Construction law shows its sensitive side

Case

Stephen Forsyth employed Ruxley Electronics & Construction to build a swimming pool in his garden in Kent. He wanted it seven feet six inches deep. Client and contractor went to court because the pool was built to a depth of only six feet.

Forsyth claimed he needed £23,000 to dig out the pool so it complied with the contract. The surprise came when the court agreed that Forsyth had a claim but ordered the builder to pay only £2,500 of damages. The reasoning was that Forsyth was unlikely to bother carrying out remedial work on the pool. After all, you could still happily swim and dive in it.

I like that the law, instead of saying, ‘you have not built to specification therefore knock it down’ is showing sensitivity

Tony Bingham, barrister

The case went to the appeal court and then on to the House of Lords. Bingham says: “In the court of appeal the five judges said Forsyth was entitled to full damages and it didn’t matter whether he spent the money on changing the pool or taking his wife on a cruise.”

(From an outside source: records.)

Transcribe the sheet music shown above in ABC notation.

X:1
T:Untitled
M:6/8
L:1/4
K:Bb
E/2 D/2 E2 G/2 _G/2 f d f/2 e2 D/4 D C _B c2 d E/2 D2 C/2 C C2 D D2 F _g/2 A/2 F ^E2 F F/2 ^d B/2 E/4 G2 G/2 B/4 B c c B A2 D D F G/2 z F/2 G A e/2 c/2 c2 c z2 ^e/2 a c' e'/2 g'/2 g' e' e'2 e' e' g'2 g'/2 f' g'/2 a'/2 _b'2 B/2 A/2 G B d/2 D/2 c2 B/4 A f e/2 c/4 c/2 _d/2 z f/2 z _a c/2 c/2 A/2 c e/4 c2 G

However, the Lords said Forsyth was not entitled to the full cost of rebuilding his pool. It reasoned that the defect was “technical” and affected neither the use of the pool nor the overall value of Forsyth’s property.

Consequences

Bingham says: “I think this was a lovely case for the construction industry because although there was a breach of contract and the remedy was to pay for digging out the pool, the House of Lords felt that Forsyth was not entitled to a remedy at all costs – rather it was about what he had lost.”

The circumstances of the loss can be better understood if you image the owner had been an Olympic swimmer – in which case the proportions of the pool would have been far more important.

Bingham says: “I like that the law, instead of saying, ‘you have not built to specification therefore knock it down’ is showing sensitivity. If there is a bit of dodgy brickwork it doesn’t mean you knock down the whole building.”

5. 2005 – Great Eastern Hotel vs. John Laing Construction

Construction management loses its teflon coat

Case

I don’t see as many CM deals cross my desk as before

Paul Brampton, Taylor Wessing

When a luxury London hotel upgrade overran by a year and cost almost double the original budget the client sued the construction manager, John Laing. This was the first time a construction management job had ended up in court.

Under a construction management arrangement it was widely thought the client would always foot the bill, no matter how much it mushroomed. The client was supposed to carry the bulk of time and cost risk under the approach because although the CM plans and programmes the work, the trade contractors actually carry out the work and they contract directly with the client.

But when the Great Eastern Hotel project came in at £61m instead of £38m, the client broke the mould. “Great Eastern weren’t happy with the way Laing hand managed the trade contractors. They took Laing to court and to everyone’s surprise they won”, says Paul Brampton, solicitor with Taylor Wessing.

Laing was found to have breached its obligations and was ordered to pay £10m to the client, a joint venture between Conran and US hotelier Wyndham International.

Consequences

“Before the Great Eastern case everyone thought construction managers were bullet-proof – whatever the cost of the project, the client had to pay, not the construction manager,” says Brampton.

“The case has caused people to approach construction management with caution. Those who are naturally risk averse, like banks and funders, are very wary about jobs procured on a CM basis. If you lend money to a CM project and it goes wrong, everyone will say it was your own fault. I don’t see as many CM deals cross my desk as before.”

He reckons the case showed that construction management is only suitable for more sophisticated employers carrying out simple projects. “Where it’s not suitable is when you have a new swanky design that has not been tried before and that the client just wants to build as quickly as possible.”